Mobilization of public protests. On several occasions in the past three years, large anti-China demonstrations have been held in Hanoi and Ho Chi Minh City, usually to protest Chinese activities in the South China Sea, although sometimes to demonstrate against other actions taken by Beijing. Though less common, there also have been anti-Vietnam protests held in Beijing since the early 2010s. It can be assumed that anti-China and anti-Vietnam public demonstrations are tacitly supported by the governments. The presence of public anti-China protests in Vietnam or anti-Vietnam rallies in China would be a sign of rising bilateral tensions.
Announcements of new Vietnamese strategic partnerships. Vietnam is actively looking to formalize closer relationships with even more regional powers, such as Indonesia, that share its concerns about Chinese dominance. An announcement of a new Vietnamese strategic partnership with another Asian nation like Indonesia should be seen as a potential sign of rising tensions between Beijing and Hanoi.

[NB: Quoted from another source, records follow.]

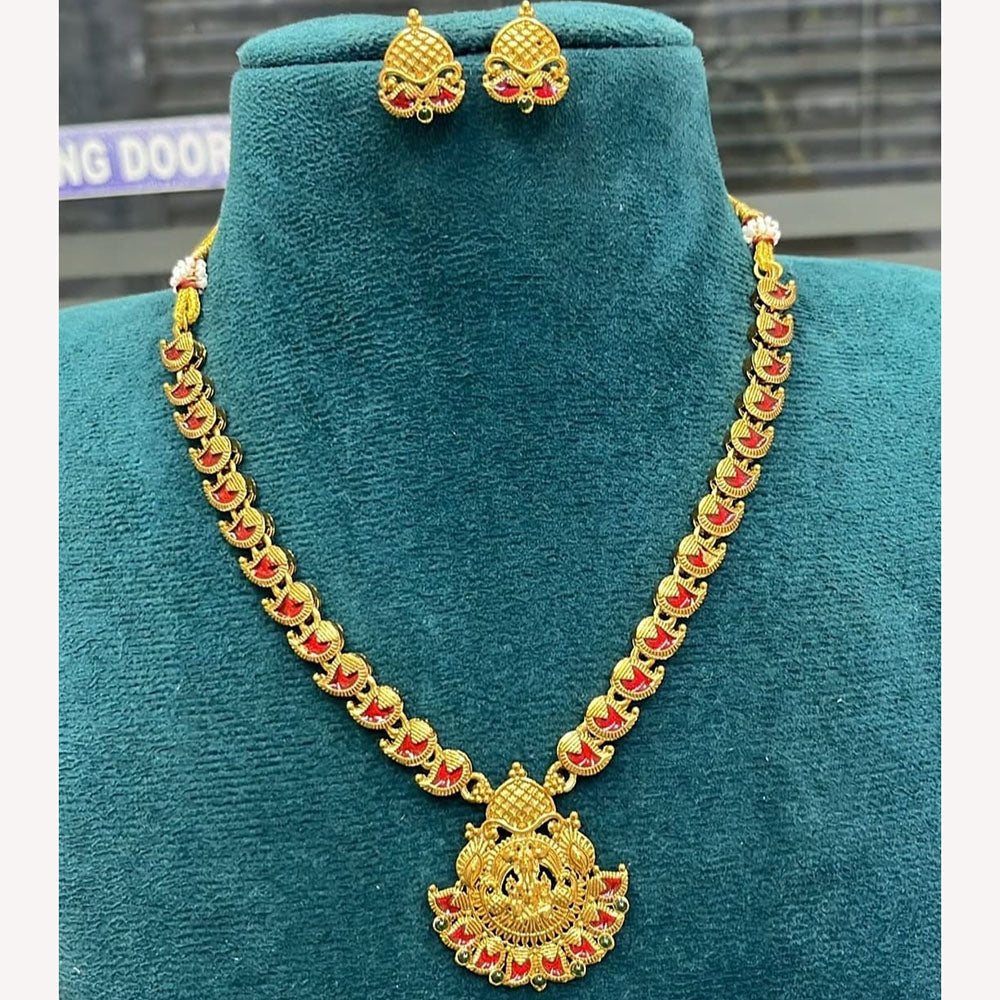 Joyful Jewel Art Divine Heritage Pota Stone Temple Design Necklace Set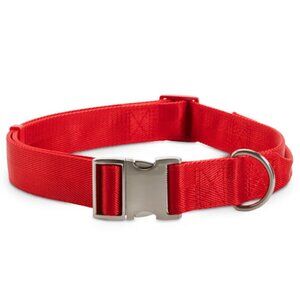 Dog Collar: Traffic Handle Double-Ply Snap Buckle Red Collar, 2XL/3XL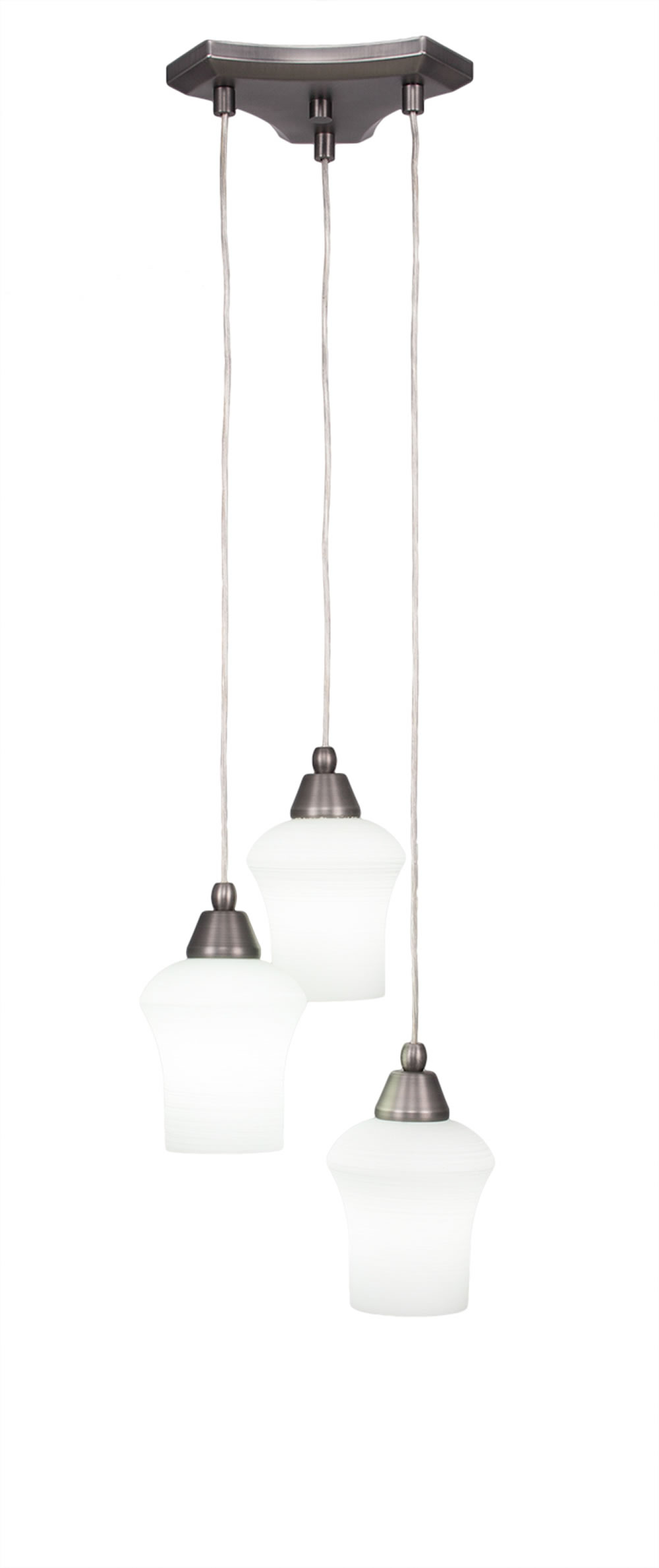 Europa 3 Light Multi Light Mini Pendant Shown In Brushed Nickel Finish With 5.5" Zilo White Linen Glass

Chinese aid initiatives in mainland Southeast Asia. Over the past five years, China has used visits by senior Chinese leaders to mainland Southeast Asian nations to announce large new aid packages. These initiatives have clearly worried Hanoi. After then Vice President Xi Jinping's visit to Cambodia in 2010, during which China announced $1.2 billion in new aid deliveries to Phnom Penh, Vietnamese leaders scrambled to get Cambodian Prime Minister Hun Sen to publicly highlight his bond with Hanoi. Anti-China sentiment in Vietnam spiked at that time, possibly in part due to official encouragement.
Tactical indicators that could presage one of the three contingencies include the following:
Movement of oil rigs into disputed waters and/or declarations of claims. China and Vietnam have both used official statements, often issued during party meetings, to enunciate claims in the South China Sea. They have also used state-owned petroleum companies as tools to claim disputed areas. In the past, both China and Vietnam have responded rapidly to the other side's new oil and gas explorations by increasing patrols in disputed areas or cutting the cables of survey ships. Thus, official statements on or announcements of new exploration in the South China Sea could signal an impending military crisis.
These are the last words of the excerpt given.